Indigo was less a book than a short story. Because of its length, there wasn't time to fully develop the characters and events. Some things seemed as though they were thrown in at the last minute, such as the rings from Trout and Eel's mother, who turned out to be a mermaid. (Surprise!) Still, the book was entertaining. It tells a story of finding yourself, but it tells it to a twelve-year-old audience. I'd recommend this book, but only to younger teens. VOYA CODES: 3Q 3P M J (Readable without serious defects; Will appeal with pushing; Middle School, defined as grades 6 to 8; Junior High, defined as grades 7 to 9). 2002, Scholastic, 96p,
Deana Rutherford, Teen Reviewer
For thirteen-year-old Martha Glimmer, Oak Grove is NOT the place to live. Away from the ocean and receiving little rain each year, the small community is probably the least desirable place, in Martha's view. In fact, for Martha, Oak Grove has little to offer at all. Having lost her mother at twelve, Martha feels that she doesn't fit with the people here, unless it is with her good friends, Trevor and Eli McGill, the adopted sons of Charlie and Kate McGill. There is something strange about the boys—their webbed feet and hands and their fixation with water—have caused the townspeople to shun them and talk behind their backs, but to Martha they are just simply her friends. When the rains and flood come, however, it is Trevor and Eli who become the heroes. In this hauntingly quiet novella, Hoffman creates characters with feeling and depth that go beyond what is seen by the eye. Young adult readers will be drawn to the story and will follow the Martha and the McGills in their quest for love and acceptance.

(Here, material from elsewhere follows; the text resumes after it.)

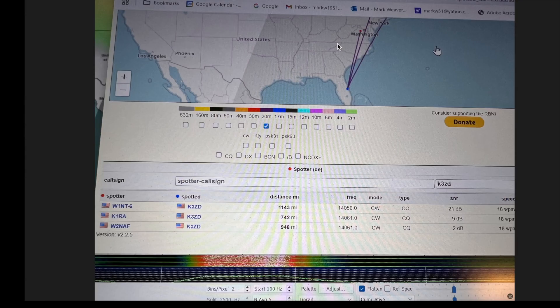What about working CW where you have to be above the noise level? You can see here from the reverse beacon network, I was able to get a couple of decent reports on CW.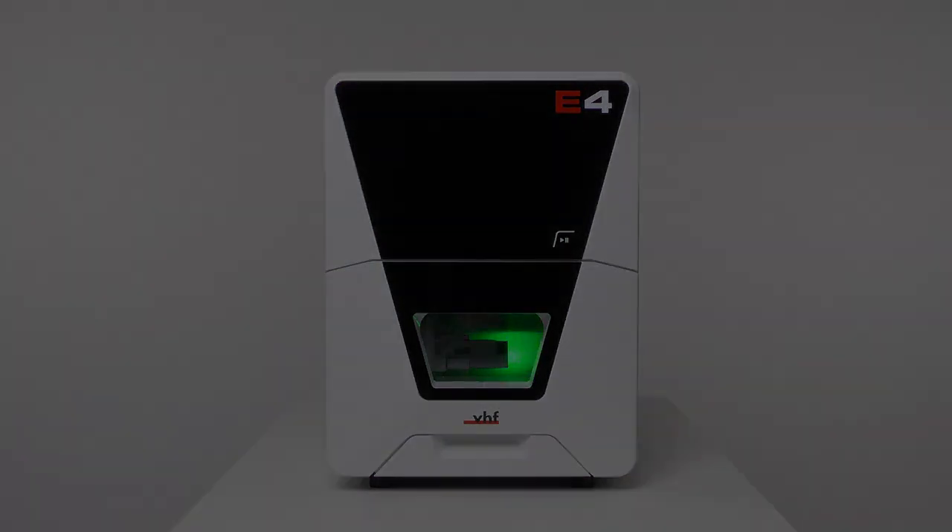For the complete operating instructions, visit dentalportal.info/e4. We hope that this was helpful. Thank you for watching.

Hoffman follows up her first novella for YAs, Aquamarine, with another short and water-related fantasy tale. Martha, age 13, lives in Oak Grove, where the memory of a terrible flood makes everyone fear anything watery—everyone but Martha's best friends, brothers Trevor and Eli, who are nicknamed Trout and Eel for the webbing between their fingers and toes. They dream of the sea, but their adoptive parents fear they will lose them if they ever return to Ocean City, where they rescued the boys. Meanwhile, Martha's father is still grieving his wife's death, and a neighbor named Hildy Swoon, whom Martha detests, is trying to move into her father's life. The three children plan to run away to Ocean City, but just as they are leaving town a storm comes up, with drenching rain that creates another fearful flood. Trout and Eel, in their element at last, dive into the flood waters and save people in danger, clearing a wall so that the water can flow out of town. The boys retrieve long-lost memories of their mermaid mother, and their adoptive parents move with them to Ocean City. Hildy Swoon is scared out of town by the flood, and Martha's father comes back to his old self. Martha still dreams of going off to become a dancer someday, but she no longer feels the need to run away from Oak Grove. Illustrated with what looks likes indigo-tinted photos, this fairy tale is a dreamy, poignant story of friendship, love, loss, and recovery that will appeal to fantasy lovers. KLIATT Codes: J—Recommended for junior high school students. 2002, Scholastic, 84p. illus.,
Gr 5-8-In the manner of a fairy tale, this story begins with a town that seems to be under a curse. Fifteen years ago, a flood devastated Oak Grove, and its inhabitants dammed up the creek so that water would never flow through the town again. Everyone is terrified of water except for motherless Martha Glimmer, 13, and her two best friends, Trevor "Trout" and Eli "Eel" McGill. The adopted brothers love sardines and saltwater, and their webbed fingers and toes reveal early on that they are the offspring of a mermaid. The book encompasses a wide knowledge of fairy-tale archetypes, such as the heroine who sets out on a quest for identity, the widowed father distracted by grief, the scheming would-be "wicked step-mother," the dead mother's talisman (a yellow silk shawl), and the companions with magical gifts. When Oak Grove is once again threatened by flood, the three water-lovers will (of course) be the town's salvation. Unfortunately, the beautiful, poetic phrases juxtapose sharply with tired idioms, and the omniscient, sometimes jarring tone distances readers from the text. While the story is more developed than the author's Aquamarine (Scholastic, 2001), it is strictly an additional purchase.-Farida S. Dowler, formerly at Bellevue Regional Library, WA Copyright 2002 Cahners Business Information.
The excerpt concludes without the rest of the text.